The Catholic Church was also able to exercise its influence to make the heads of the secular governments enforce religious laws and to punish severely, those who committed moral crimes such as adultery, fornication, blasphemy, heresy or witchcraft (Nash).
This awesome temporal power of the Church, naturally attracted to itself those who wished to exercise this power for worldly gain, thus kings and princes would conspire to have their political allies appointed as pope, popes would enter into alliances with kings and generals to safeguard their papacy, several different claimants to the papacy would arise each claiming to be the rightful head of the Church and each with the backing of a section of the ruling classes of Europe. In short the papacy became the focus of European ‘dirty politics’ (Wylie).
As the wealth and power of the Catholic Church grew, the culture of the Church grew more and more decadent, the rituals became more and more ornate; the lifestyles of priestly class became more and more lavish. Many of the highest office holders of the Church have been described as living a life that scarcely resembles the life of Jesus and the Apostles (Wylie).
The practice of Church authorities compromising upon moral matters with the secular authorities and members of the public became more and more common (Wylie). These compromises included viewing prostitution as a necessary evil, allowing certain individuals and institutions to engage in usurious practices by the use of legal artifices and the buying and selling of Church offices and indulgences (Sider).
The tyranny and decadence of the Church elicited a strong reaction from certain intellectuals, and it caused them to deny altogether, the exclusive monopoly of the Church in interpreting the Christian faith. The first of these rebels against the Church was Martin Luther (1483-1546) (Wylie).

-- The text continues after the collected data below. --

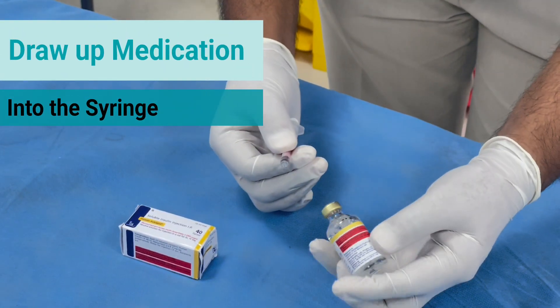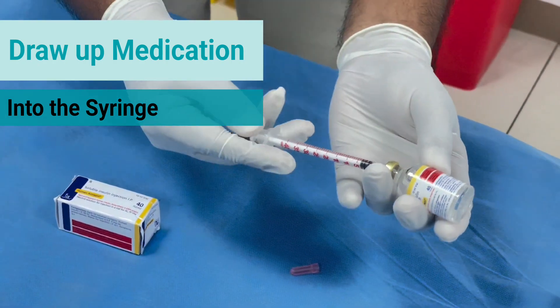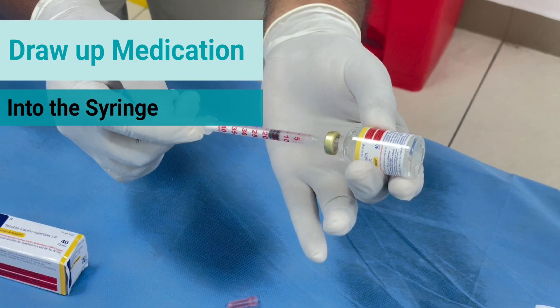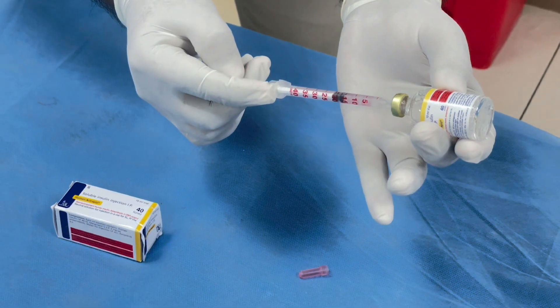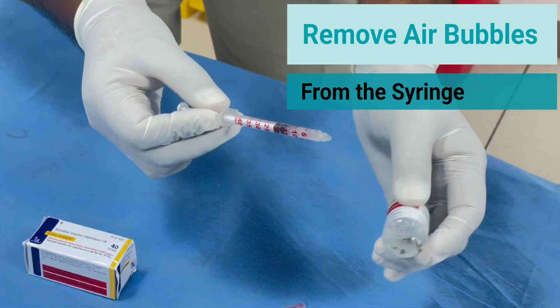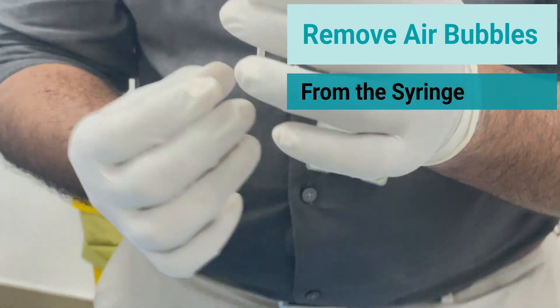Draw up the insulin into the syringe. Ensure that you take the correct units as prescribed by the doctor to prevent wastage. Ensure that air bubbles are not present, and if present, remove the air bubbles from the syringe.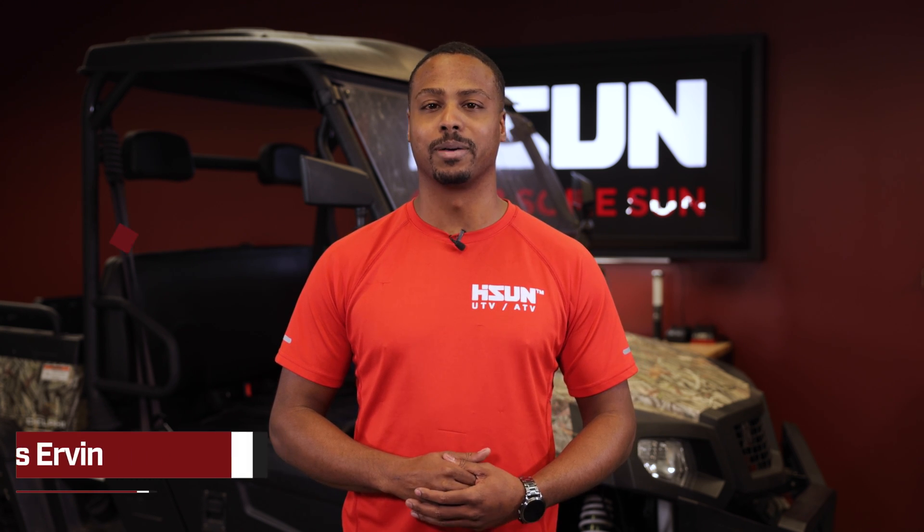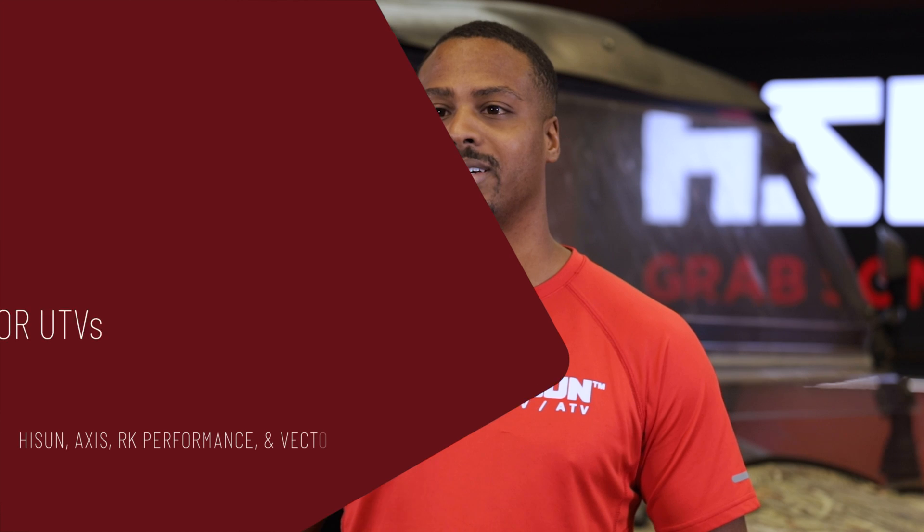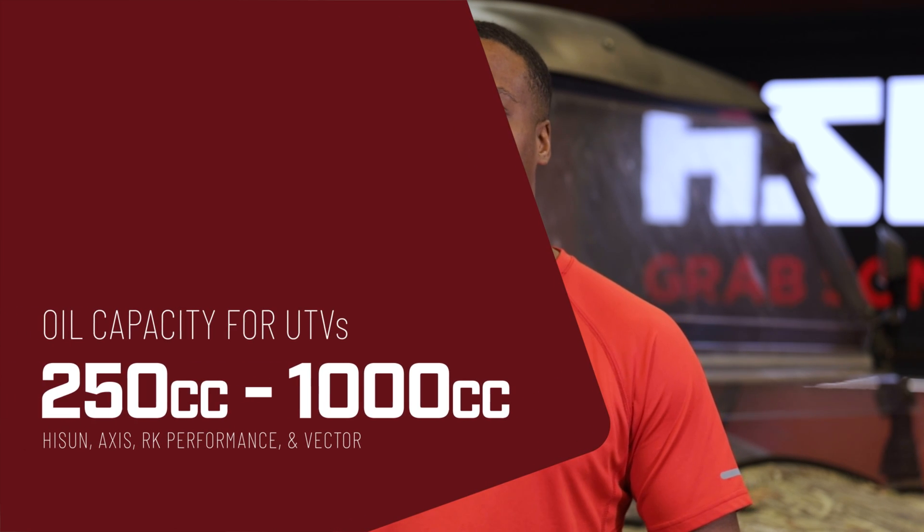Hi, my name is Chris with HiSun Motors, and today we're going to be going over the oil capacity for our UTV lineup, starting with the 250 and going up to 1000.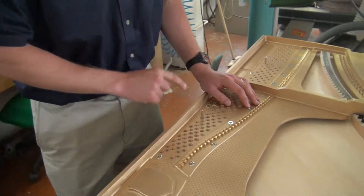As a piano rebuilder, I've been working on pianos for about 20 years. An essential element when I rebuild a piano is the torque of the tuning pins.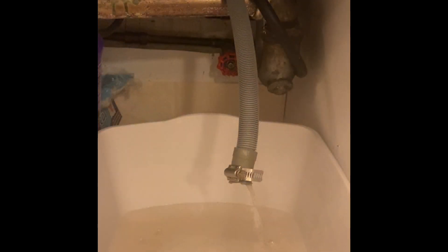I remove the drain hose from the plumbing and put a bucket there so I can check the actual pressure of the outgoing drain to see if it's sufficient enough. As we can tell by the test, the outgoing drain pressure is not sufficient enough.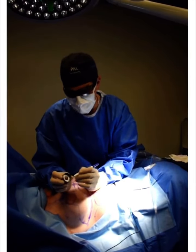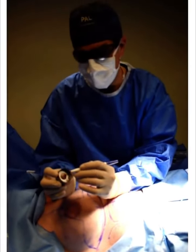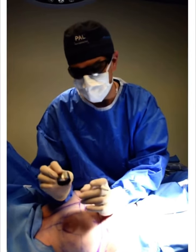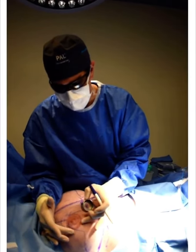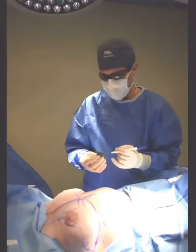What we have here is called a cookie cutter, and we're going to use this to mark the size of the areola — this will be the new reduced size. We apply it over here, and the areola is going to go from its current size to something much smaller.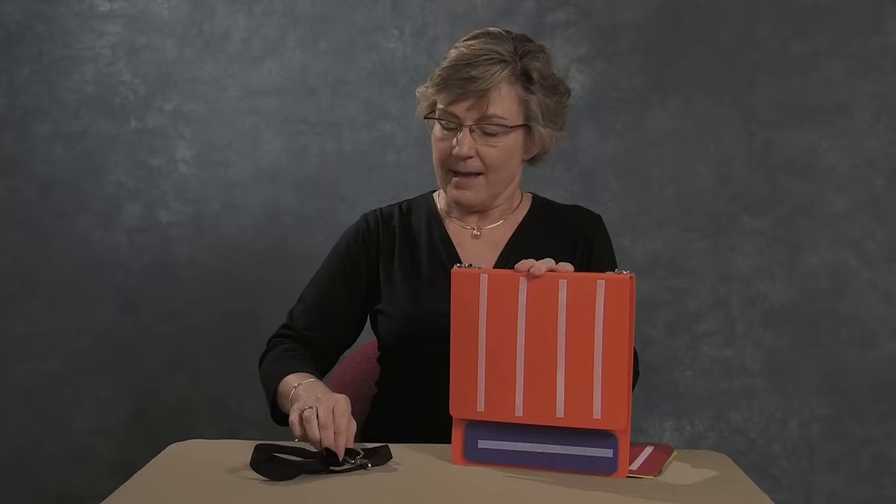Add one of our book straps to the spine-attached rings to make the PECS book portable. To increase the capacity of your PECS book, add our set of six tabbed insert pages, which also come with velcro brand hook strips.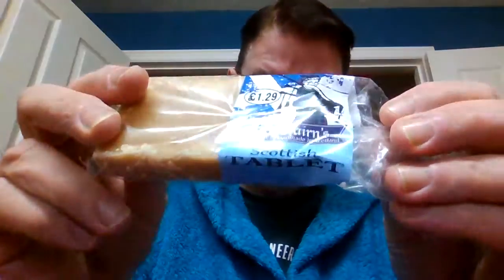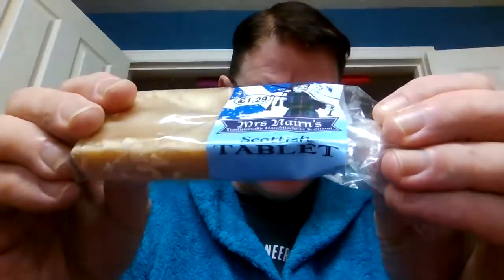I'm going to show you this. It's called Tablet — it's Scottish Tablet. Scottish Tablet. Can you see that? Mrs. Nairns is the company of this one.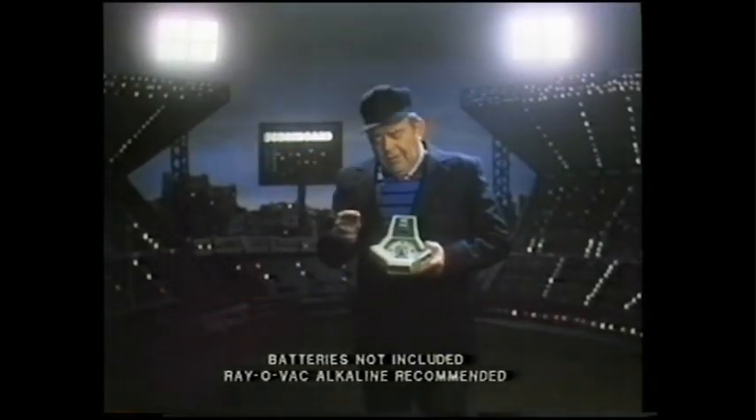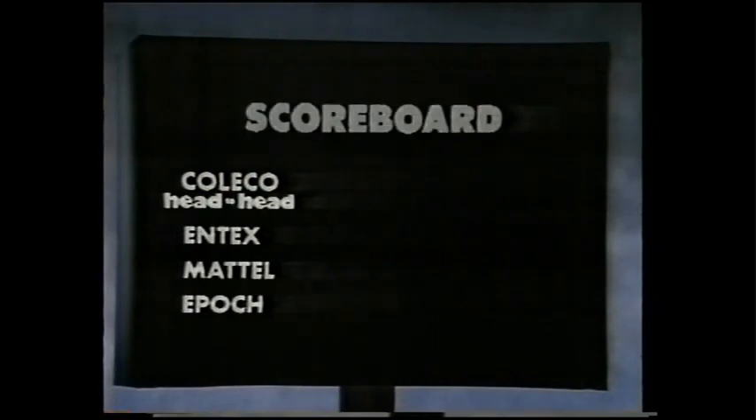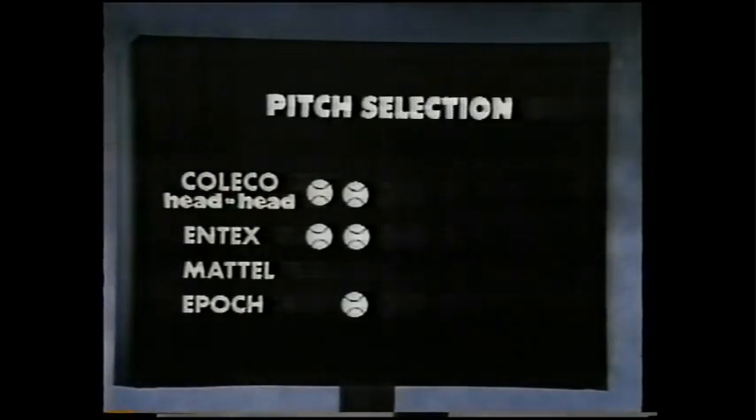Let's check the scoreboard and see how Coleco's Head-to-Head Electronic Baseball stacks up against the competition. Sure, some games have base stealing and pitch selection. But for real two-player action,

Unlike earlier challengers to the Church’s authority, Luther gained the protection of powerful secular forces and the Catholic Church was unable to punish him for heresy or suppress his voice (Wylie). Luther’s rise was like the breaking of a dam, over the next centuries, hundreds if not thousands of schisms occurred all over the Western world. Hundreds of self-declared reformers of Christianity declared their understanding if the Christian faith to be ‘true Christianity’ (Wylie).